When I first heard of this idea about humility it was in the context of the philosopher Friedrich Nietzsche in something he calls the master-slave morality, which is similar to what you just described (people on the top wanting everyone else to remain 'humble' for the 'good' of society).
Nietzsche says this is bullshit. He argues we are all capable to release immense levels of creativity through the 'will to power' (rising above the general herd instinct of the masses) and by living an unconventional lifestyle. However, VERY few people choose to do this. (According to Nietzsche it's only something like one person a century).
Nietzsche's philosophy is brilliant, but is also the most misunderstood of the many philosophers I have read. I'd highly recommend his books to anyone. On the Genealogy of Morality is a good one to start out with.
Your liberal arts friend and philosophy major, Amanda Hochstatter
I just want to take care of my family and help people. If that can happen that I will give the world.
Well put Brian,
I myself have trouble being modest because the culture I come from requires that whoever puts the most emotion into the story wins. No matter how big or small the story, or even having to be a story at all. ...Plus when your at the bottom, sometimes the only way to make yourself feel good is to exaggerate the situation. Which is how I got through most of my life.
I'm not trying to give an excuse here. I agree that it is more important to be modest, especially the higher your status grows.
On another note (that also relates) my father always told me that "the honest man has nothing to worry about." I've said that many times over the years and it helped me get through tough situations focusing on that if I am wrong in a situation or if my feelings are misunderstood, it becomes a learning opportunity (no matter how hard.) So it's a win win motto regardless and if your honest with your emotions. Then who really cares what anyone else has to say? Just respect others feelings as well, especially if the crows requires it to be toned down.
I think you outline a very powerful point, Sebastian.
I think to supplement what you've said, which I do agree to some extent with, humility is often co-opted by the vain to supercharge their achievements.
I know of many people who have accomplished a lot, and will intentionally act humble, not because they are self-aware enough of their shortcomings or ignorance, but because they know others will be able to praise not only their achievements but also their character.
I find that sickening.
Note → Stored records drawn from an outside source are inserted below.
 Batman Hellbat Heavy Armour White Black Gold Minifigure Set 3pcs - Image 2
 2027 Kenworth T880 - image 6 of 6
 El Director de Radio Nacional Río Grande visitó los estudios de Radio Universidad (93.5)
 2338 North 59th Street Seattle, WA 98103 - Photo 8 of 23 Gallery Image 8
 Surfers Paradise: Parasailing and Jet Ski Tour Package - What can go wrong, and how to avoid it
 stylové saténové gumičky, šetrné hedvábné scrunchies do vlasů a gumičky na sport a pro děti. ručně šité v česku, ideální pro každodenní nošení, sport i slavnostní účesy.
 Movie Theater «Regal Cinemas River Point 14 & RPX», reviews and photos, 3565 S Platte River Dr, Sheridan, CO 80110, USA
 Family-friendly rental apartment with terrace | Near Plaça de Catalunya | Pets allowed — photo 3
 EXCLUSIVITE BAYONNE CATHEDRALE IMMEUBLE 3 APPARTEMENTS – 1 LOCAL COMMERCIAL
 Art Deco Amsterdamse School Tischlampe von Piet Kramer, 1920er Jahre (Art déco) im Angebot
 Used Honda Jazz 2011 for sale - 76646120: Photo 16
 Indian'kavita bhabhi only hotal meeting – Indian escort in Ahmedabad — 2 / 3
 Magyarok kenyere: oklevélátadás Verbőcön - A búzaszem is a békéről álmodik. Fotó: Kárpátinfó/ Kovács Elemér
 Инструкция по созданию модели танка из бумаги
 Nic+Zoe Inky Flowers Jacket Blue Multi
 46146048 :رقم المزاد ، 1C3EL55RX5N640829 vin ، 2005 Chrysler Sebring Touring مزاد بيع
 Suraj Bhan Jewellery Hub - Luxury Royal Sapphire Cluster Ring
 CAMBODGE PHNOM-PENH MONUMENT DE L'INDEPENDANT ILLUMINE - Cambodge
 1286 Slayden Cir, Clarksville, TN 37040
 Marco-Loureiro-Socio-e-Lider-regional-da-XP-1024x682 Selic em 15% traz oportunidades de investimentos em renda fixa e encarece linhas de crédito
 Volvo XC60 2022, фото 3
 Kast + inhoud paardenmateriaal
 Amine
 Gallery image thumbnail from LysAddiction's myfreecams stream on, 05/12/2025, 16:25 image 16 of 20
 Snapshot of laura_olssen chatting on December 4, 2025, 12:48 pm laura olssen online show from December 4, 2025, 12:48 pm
It's inauthentic and disingenuous.
Be humble because you are thoughtful and self-aware. Not so that others can inflate your ego even more.
Weeeelllll, I do respect experience a lot. It's not like, *applicably* useful a lot of the time (what with the rate of change being what it is) but it also grants perspective.
I agree, though, that being humble is a way to make the younger generation conform to "the way things are done." Look at it this way; the troops have to be 'paid' and you have a whole generation who showed up and did what they were told, which makes both them, AND those in power extremely vested in putting your in your place.
Don't let them stop you, but don't ever expect them to like you for it. The old guard is dying, and they blame us.